● **What you should do**
Down to the last line, restate the listing below exactly.

● **Source material**
************

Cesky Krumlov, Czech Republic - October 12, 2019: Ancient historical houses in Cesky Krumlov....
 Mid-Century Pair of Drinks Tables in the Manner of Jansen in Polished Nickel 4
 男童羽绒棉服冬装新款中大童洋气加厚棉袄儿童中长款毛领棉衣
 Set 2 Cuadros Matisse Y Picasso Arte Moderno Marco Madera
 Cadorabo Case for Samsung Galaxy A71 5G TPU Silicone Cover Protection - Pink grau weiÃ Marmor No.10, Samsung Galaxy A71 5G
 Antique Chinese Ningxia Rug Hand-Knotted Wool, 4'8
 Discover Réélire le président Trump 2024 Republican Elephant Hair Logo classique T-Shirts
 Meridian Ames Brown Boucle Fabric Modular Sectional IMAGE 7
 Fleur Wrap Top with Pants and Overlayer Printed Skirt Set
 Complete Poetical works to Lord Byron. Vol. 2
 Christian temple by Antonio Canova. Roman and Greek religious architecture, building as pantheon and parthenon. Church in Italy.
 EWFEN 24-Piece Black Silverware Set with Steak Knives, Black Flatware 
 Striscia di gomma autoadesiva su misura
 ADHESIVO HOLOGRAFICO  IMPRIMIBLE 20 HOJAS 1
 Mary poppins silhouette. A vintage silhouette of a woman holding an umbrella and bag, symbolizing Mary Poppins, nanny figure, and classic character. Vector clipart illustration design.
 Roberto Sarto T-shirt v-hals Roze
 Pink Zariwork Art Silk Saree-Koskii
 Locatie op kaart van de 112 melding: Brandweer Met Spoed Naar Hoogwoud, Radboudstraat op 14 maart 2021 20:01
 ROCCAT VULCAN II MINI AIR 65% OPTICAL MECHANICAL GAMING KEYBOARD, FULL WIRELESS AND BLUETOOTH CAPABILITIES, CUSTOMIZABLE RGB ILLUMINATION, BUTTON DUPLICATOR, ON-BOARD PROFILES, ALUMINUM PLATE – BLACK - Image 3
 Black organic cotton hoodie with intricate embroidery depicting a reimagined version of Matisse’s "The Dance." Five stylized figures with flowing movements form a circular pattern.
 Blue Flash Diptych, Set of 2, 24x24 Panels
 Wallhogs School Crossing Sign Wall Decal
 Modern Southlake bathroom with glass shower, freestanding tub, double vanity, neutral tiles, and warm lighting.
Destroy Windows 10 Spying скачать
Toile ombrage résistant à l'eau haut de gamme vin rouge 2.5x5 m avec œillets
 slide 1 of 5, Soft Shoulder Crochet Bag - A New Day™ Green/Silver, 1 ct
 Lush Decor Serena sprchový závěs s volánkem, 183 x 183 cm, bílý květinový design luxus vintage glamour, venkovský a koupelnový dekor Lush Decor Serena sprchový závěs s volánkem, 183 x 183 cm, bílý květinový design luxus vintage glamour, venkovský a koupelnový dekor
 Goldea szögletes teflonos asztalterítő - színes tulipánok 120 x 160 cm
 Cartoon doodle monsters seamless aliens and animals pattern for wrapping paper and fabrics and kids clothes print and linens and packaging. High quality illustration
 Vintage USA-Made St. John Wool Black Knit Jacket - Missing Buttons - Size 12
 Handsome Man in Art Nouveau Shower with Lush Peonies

************

● **Expected answer**
Cesky Krumlov, Czech Republic - October 12, 2019: Ancient historical houses in Cesky Krumlov....
 Mid-Century Pair of Drinks Tables in the Manner of Jansen in Polished Nickel 4
 男童羽绒棉服冬装新款中大童洋气加厚棉袄儿童中长款毛领棉衣
 Set 2 Cuadros Matisse Y Picasso Arte Moderno Marco Madera
 Cadorabo Case for Samsung Galaxy A71 5G TPU Silicone Cover Protection - Pink grau weiÃ Marmor No.10, Samsung Galaxy A71 5G
 Antique Chinese Ningxia Rug Hand-Knotted Wool, 4'8
 Discover Réélire le président Trump 2024 Republican Elephant Hair Logo classique T-Shirts
 Meridian Ames Brown Boucle Fabric Modular Sectional IMAGE 7
 Fleur Wrap Top with Pants and Overlayer Printed Skirt Set
 Complete Poetical works to Lord Byron. Vol. 2
 Christian temple by Antonio Canova. Roman and Greek religious architecture, building as pantheon and parthenon. Church in Italy.
 EWFEN 24-Piece Black Silverware Set with Steak Knives, Black Flatware 
 Striscia di gomma autoadesiva su misura
 ADHESIVO HOLOGRAFICO  IMPRIMIBLE 20 HOJAS 1
 Mary poppins silhouette. A vintage silhouette of a woman holding an umbrella and bag, symbolizing Mary Poppins, nanny figure, and classic character. Vector clipart illustration design.
 Roberto Sarto T-shirt v-hals Roze
 Pink Zariwork Art Silk Saree-Koskii
 Locatie op kaart van de 112 melding: Brandweer Met Spoed Naar Hoogwoud, Radboudstraat op 14 maart 2021 20:01
 ROCCAT VULCAN II MINI AIR 65% OPTICAL MECHANICAL GAMING KEYBOARD, FULL WIRELESS AND BLUETOOTH CAPABILITIES, CUSTOMIZABLE RGB ILLUMINATION, BUTTON DUPLICATOR, ON-BOARD PROFILES, ALUMINUM PLATE – BLACK - Image 3
 Black organic cotton hoodie with intricate embroidery depicting a reimagined version of Matisse’s "The Dance." Five stylized figures with flowing movements form a circular pattern.
 Blue Flash Diptych, Set of 2, 24x24 Panels
 Wallhogs School Crossing Sign Wall Decal
 Modern Southlake bathroom with glass shower, freestanding tub, double vanity, neutral tiles, and warm lighting.
Destroy Windows 10 Spying скачать
Toile ombrage résistant à l'eau haut de gamme vin rouge 2.5x5 m avec œillets
 slide 1 of 5, Soft Shoulder Crochet Bag - A New Day™ Green/Silver, 1 ct
 Lush Decor Serena sprchový závěs s volánkem, 183 x 183 cm, bílý květinový design luxus vintage glamour, venkovský a koupelnový dekor Lush Decor Serena sprchový závěs s volánkem, 183 x 183 cm, bílý květinový design luxus vintage glamour, venkovský a koupelnový dekor
 Goldea szögletes teflonos asztalterítő - színes tulipánok 120 x 160 cm
 Cartoon doodle monsters seamless aliens and animals pattern for wrapping paper and fabrics and kids clothes print and linens and packaging. High quality illustration
 Vintage USA-Made St. John Wool Black Knit Jacket - Missing Buttons - Size 12
 Handsome Man in Art Nouveau Shower with Lush Peonies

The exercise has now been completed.